Mr. Fregeau's letter, dated March 27 and received on March 30, is addressed to "Gentlemen" and states: "Please provide answers to the following questions on or before the close of business Friday 9 April 2010."
While the Massachusetts Public Records Law states that you may request a copy of a public record, the document "A Guide to the Massachusetts Public Records Law" published by William Francis Galvin, Secretary of the Commonwealth Division of Public Records, (updated March 2009) clearly explains:
"The Public Records Law only applies to records that are in existence and created or maintained in the usual course of business. A records custodian is not required to answer questions or to create a record in response to a request, but may do so at his or her discretion."
Therefore, while the Longmeadow School Building Committee is not required to answer any of the questions posed in your letter, we have chosen to do so in an effort to provide helpful responses to inform decision making and also to correct some inaccurate statements and assumptions.
1. When the High School Building Committee was formed what was its mandate?
The Longmeadow School Building Committee was formed on June 25, 2008 in accordance with 963 CMR 2.00, and was subsequently approved by the MSBA. The entire text of 963 CMR 2.00 is available on the MSBA Web site; however, the following sections define the purpose and composition of the School Building Committee:
School Building Committee.
(a) The Eligible Applicant shall formulate a school building committee for the purpose of generally monitoring the Application process and to advise the Eligible Applicant during the construction of an Approved Project.
(b) The school building committee shall be formed in accordance with the provisions of the Eligible Applicant's local charter and/or by-laws and it is recommended that the city, town, regional school district, or independent agricultural and technical school make a reasonable effort to include one or more of the following individuals: the local chief executive officer of the Eligible Applicant, or, in the case of a town whose local chief executive officer is a multi-party body, said body may elect one of its members to serve on the school building committee; the administrator or manager of a city or a town, where applicable; at least one member of the school committee, as required by M.G.L. c. 71, 68; the superintendent of schools; the local official responsible for building maintenance; a representative of the office or body authorized by law to construct school buildings in that city, town or regional school district, or for that independent agricultural and technical school; the school principal from the subject school; a member who has knowledge of the educational mission and function of the facility; a local budget official or member of the local finance committee; members of the community with architecture, engineering and/or construction experience to provide advice relative to the effect of the Proposed Project on the community and to examine building design and construction in terms of its constructability.
2. Why and by whom were the particular chair persons chosen?

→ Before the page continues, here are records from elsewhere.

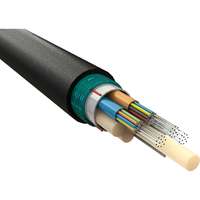 Excel Enbeam OS2 Singlemode CST Armoured Fibre Optic Cable Loose Tube 48 Core 9/125 HDPE Fca Black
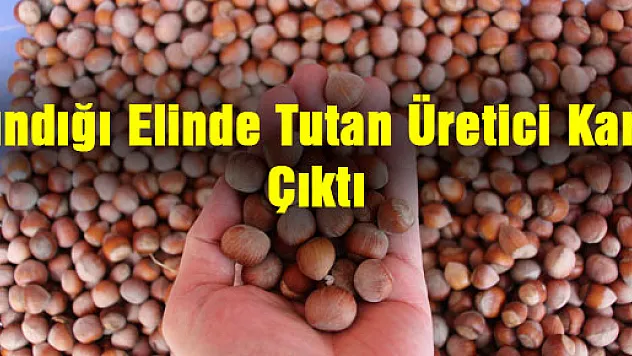 Fındığı Elinde Tutan Üretici Karlı Çıktı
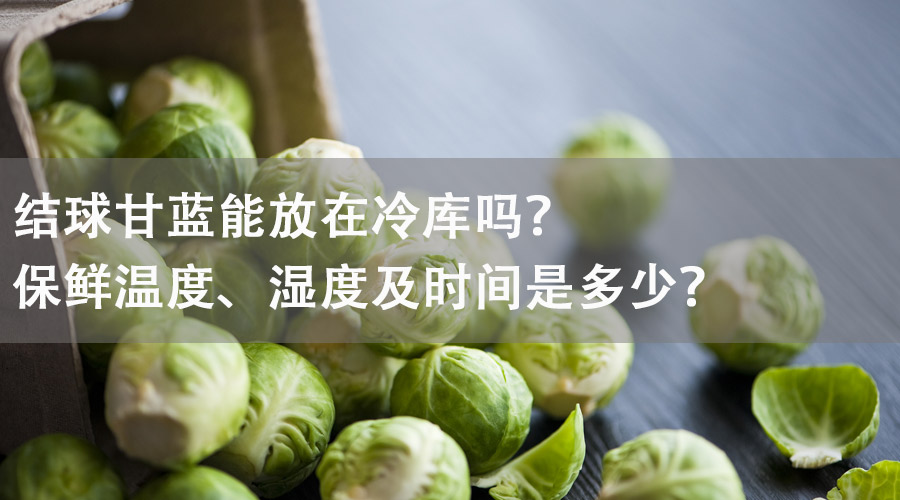 結球甘藍能放在冷庫嗎？保鮮溫度、濕度及時間是多少？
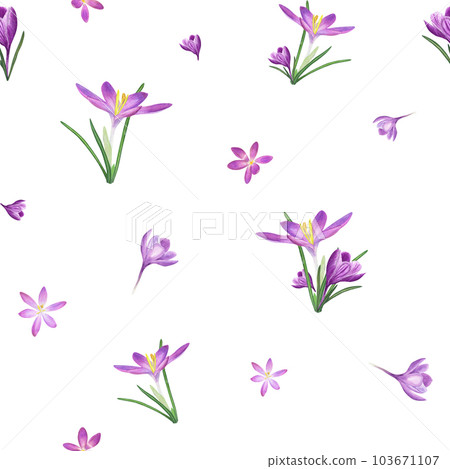 Watercolor seamless pattern of crocuses isolated on white background. Spring illustration for the design of textile, wrapping paper, scrapbooking, greetings, wedding cards 103671107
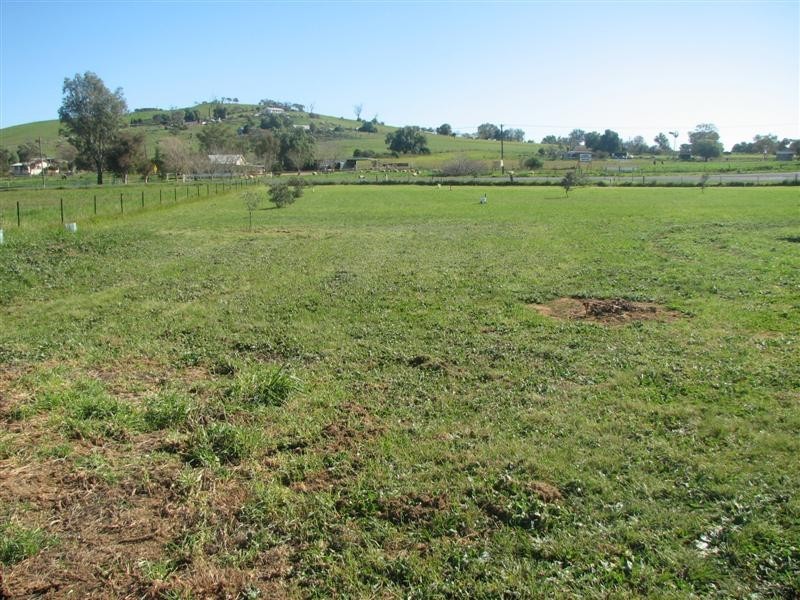 4195 Belubula Way, Canowindra NSW 2804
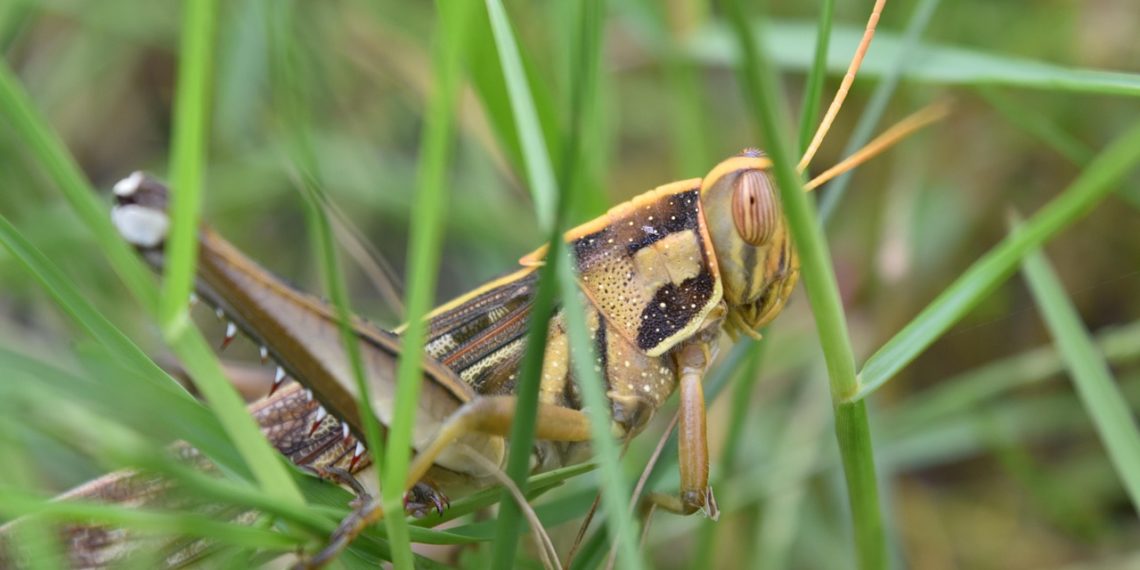 Эксперты предостерегли об опасности саранчи на Кубани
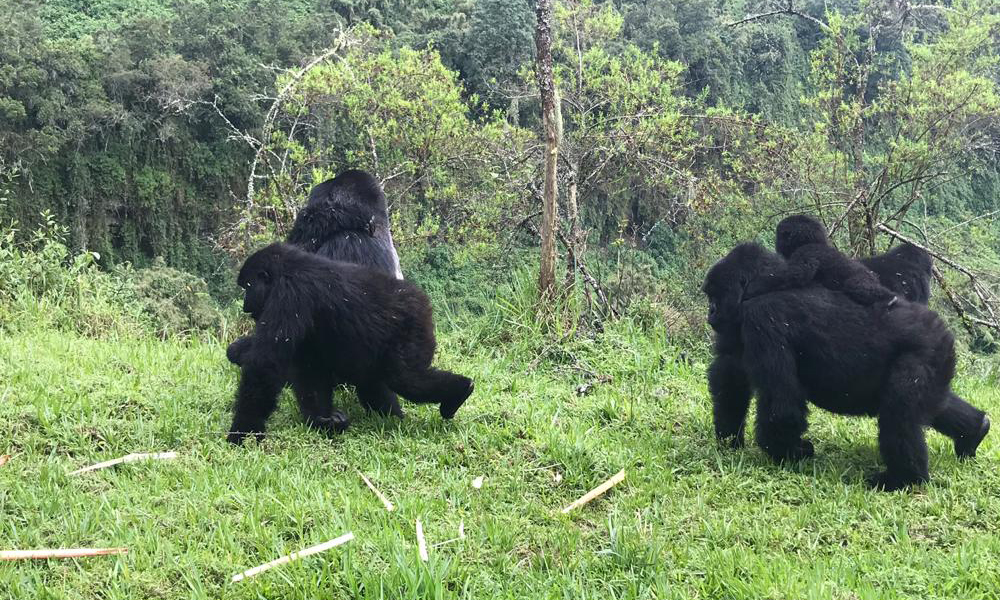 Gorilla Trekking in Rwanda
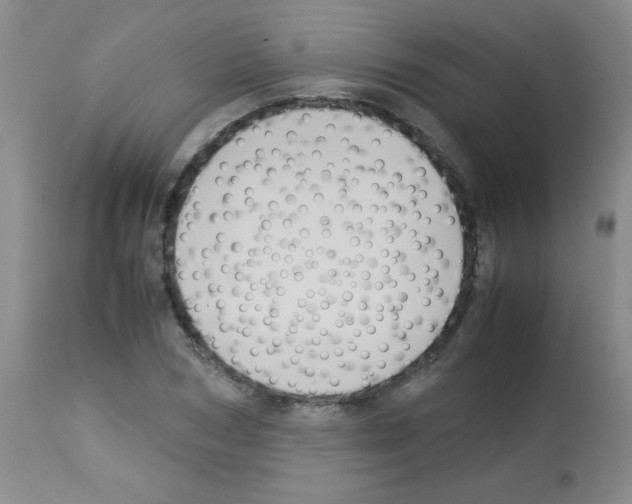 X0000113220978200910221121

Acknowledging the extraordinary amount of work and responsibility associated with the role of chairperson, the School Building Committee voted for co-chairs who would collaborate in the leadership role. Why and by whom were the other members of the committee chosen?

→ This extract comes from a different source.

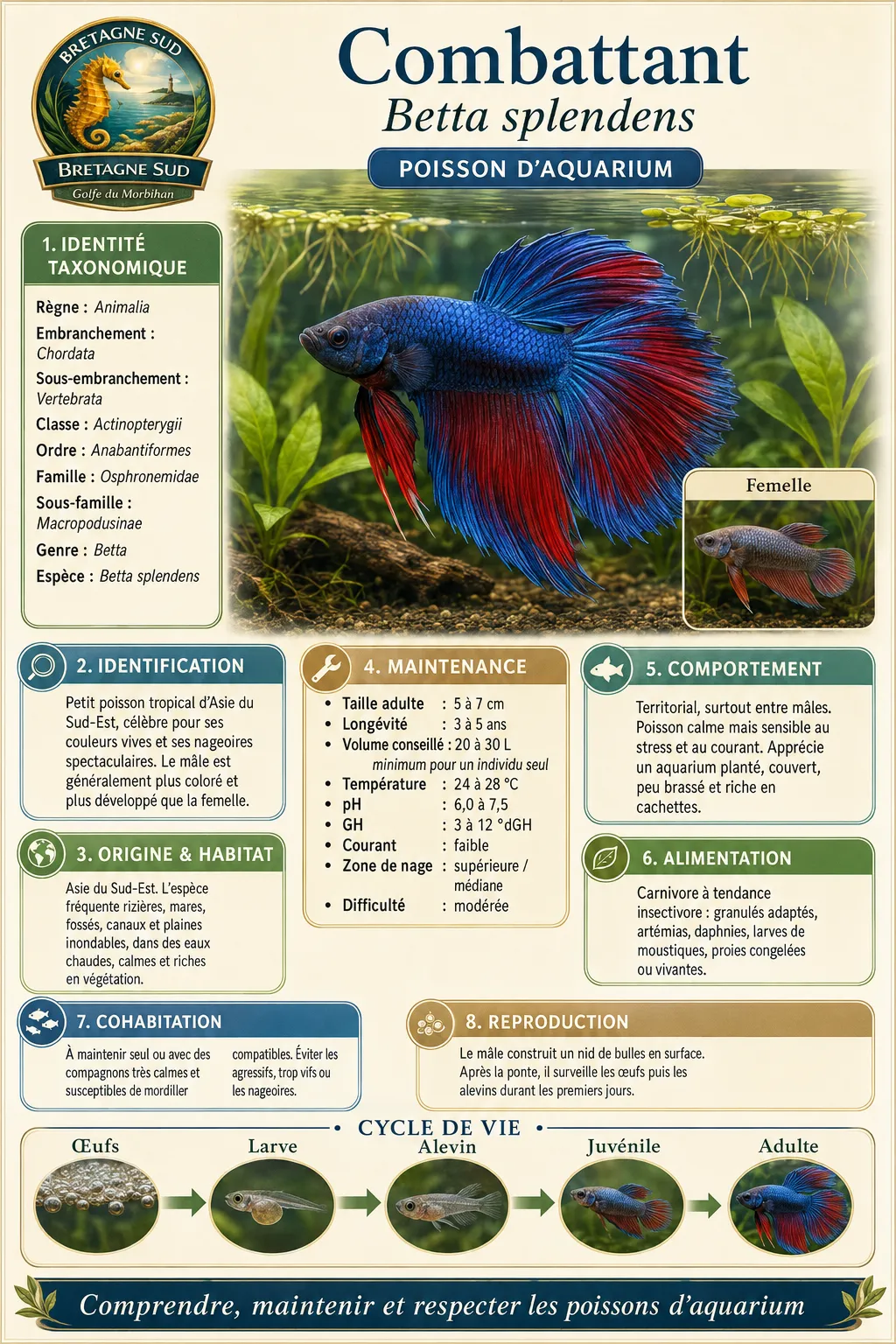 Infographie du poisson Combattant Betta splendens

See CMR 963 for membership requirements (as noted above). The community members were selected through an application process and jointly interviewed and chosen by the Select Board and School Committee.
3. (a) How many members of the committee do not reside in Longmeadow or Massachusetts?
See CMR 963 for membership requirements (as noted above). The requirements for SBC membership do not specify residency; however many of the members are residents.
(b) Are they voting members of the committee?
All members of the SBC are voting members.
4. Why were 12 of the 14 positions on the Building Committee allotted to School Committee persons, town officials and employees and educators, leaving only two committee members chosen from the citizens at large?
See CMR 963 for membership requirements (as noted above). Also, the SBC includes four community representatives: an educator, one architect and two engineers.
5. Were there any standards of conduct stipulated for the Building Committee?
See CMR 963 for responsibilities and membership (as noted above).
6. When the Project Manager was chosen what was his mandate? How was the project described? What committee objectives and preferences were outlined for him?
Per Chapter 193 of the Acts of 2004, an Owner's Project Manager (OPM) must be retained by Awarding Authority for any publically funded construction project over $1,500,000. On March 5, 2009, the SBC voted unanimously to approve Joslin Lesser & Associates Inc. (Joslin Lesser) of Watertown, Mass., as the OPM for the Feasibility Study/ Schematic Design portion of the Longmeadow High School project. The OPM was selected through a Request for Services which can be obtained via the Town's Procurement Officer. See the RFS for project description, committee objectives and preferences.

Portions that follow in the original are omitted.